• _WORK ITEM_:
Your answer should be the full data, transcribed exactly, with no pictures in it.

AVAILABLE DATA Block Start

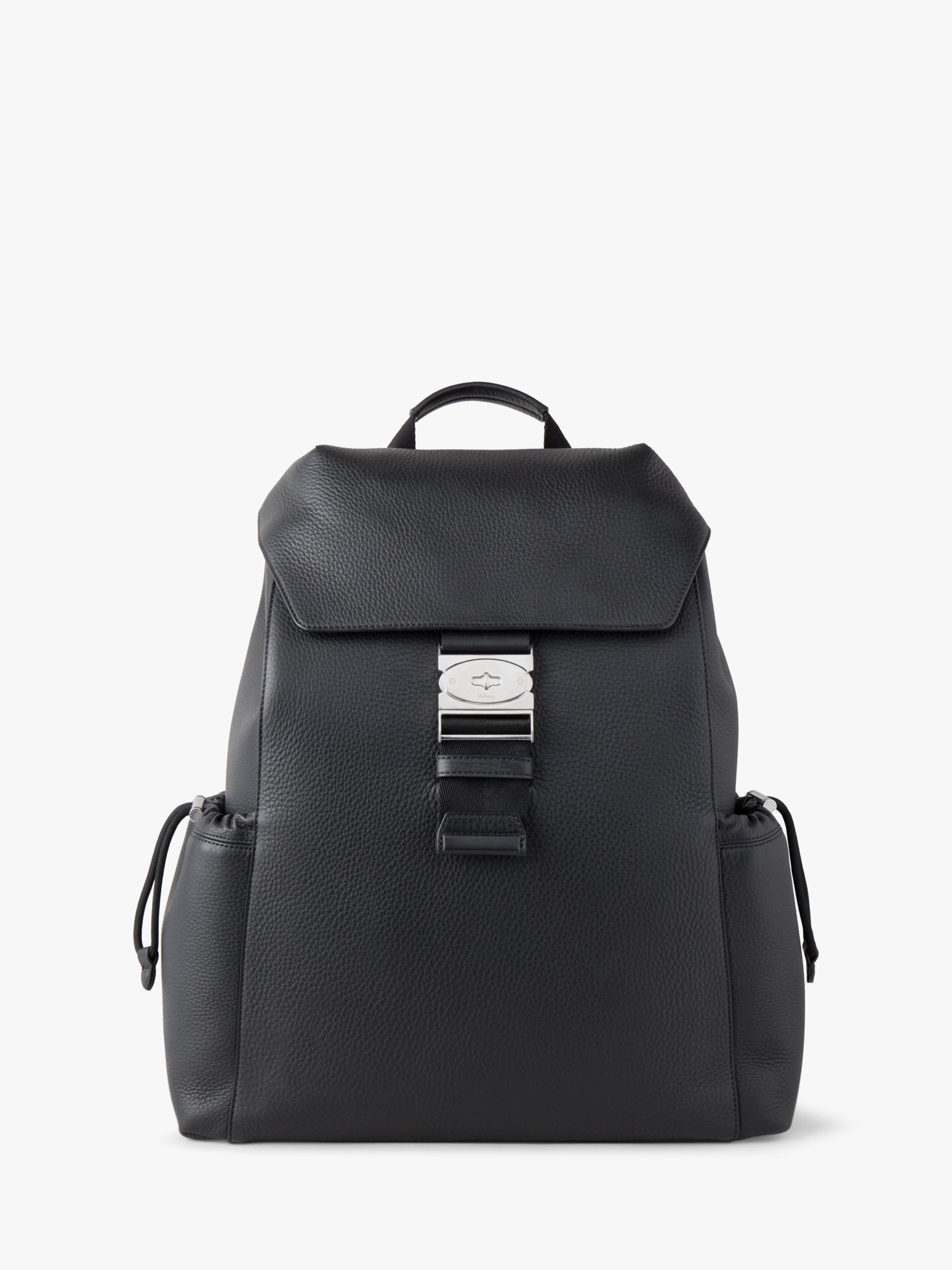 Mulberry Utility Postman's Buckle Heavy Grain Leather Backpack, Black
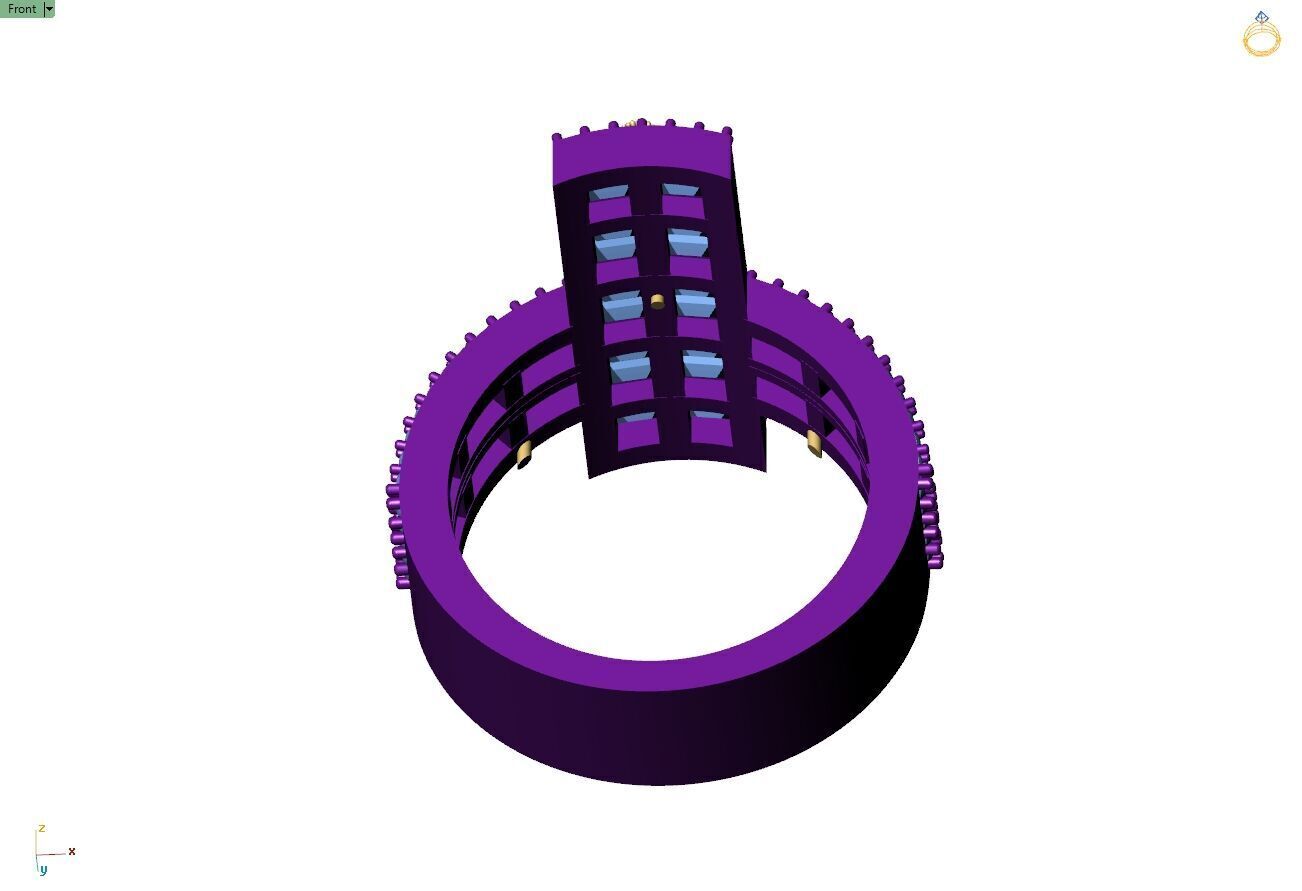 Custom Jesus Cross Ring With Baguette Diamonds - Religion Ring 3D print model_10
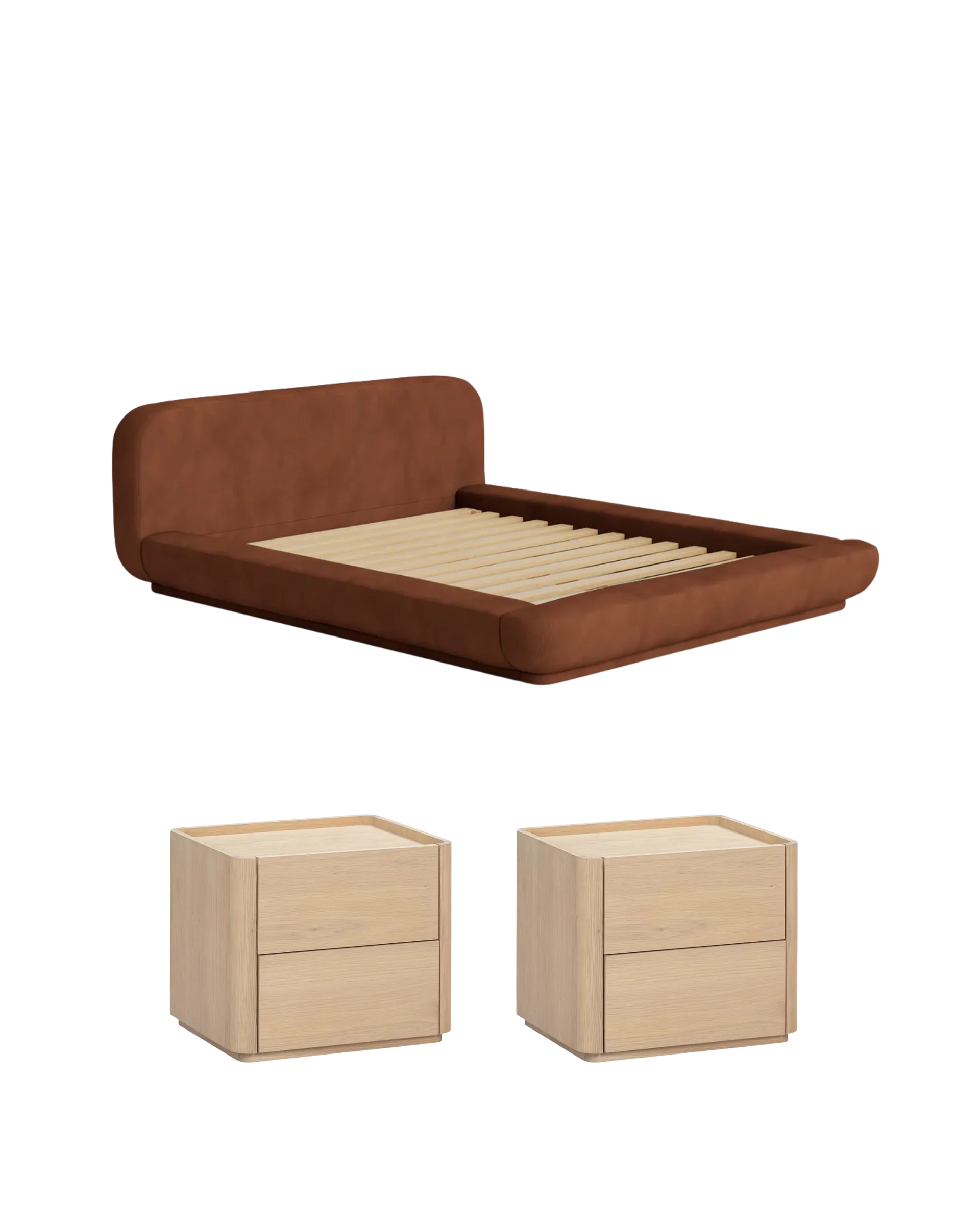 Floss King Bed Package - Corduroy Cocoa / Trim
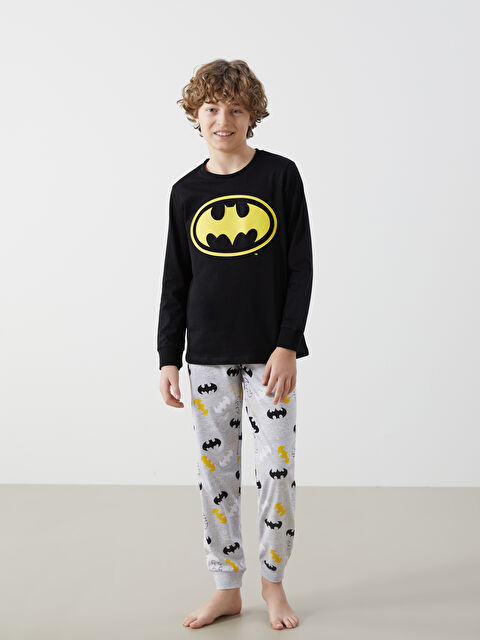 LCW Kids Bisiklet Yaka Batman Baskılı Erkek Çocuk Pijama Takımı - S54781Z4-CVL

AVAILABLE DATA Block End

• _EXERCISE RESULT_:
 Mulberry Utility Postman's Buckle Heavy Grain Leather Backpack, Black
 Custom Jesus Cross Ring With Baguette Diamonds - Religion Ring 3D print model_10
 Floss King Bed Package - Corduroy Cocoa / Trim
 LCW Kids Bisiklet Yaka Batman Baskılı Erkek Çocuk Pijama Takımı - S54781Z4-CVL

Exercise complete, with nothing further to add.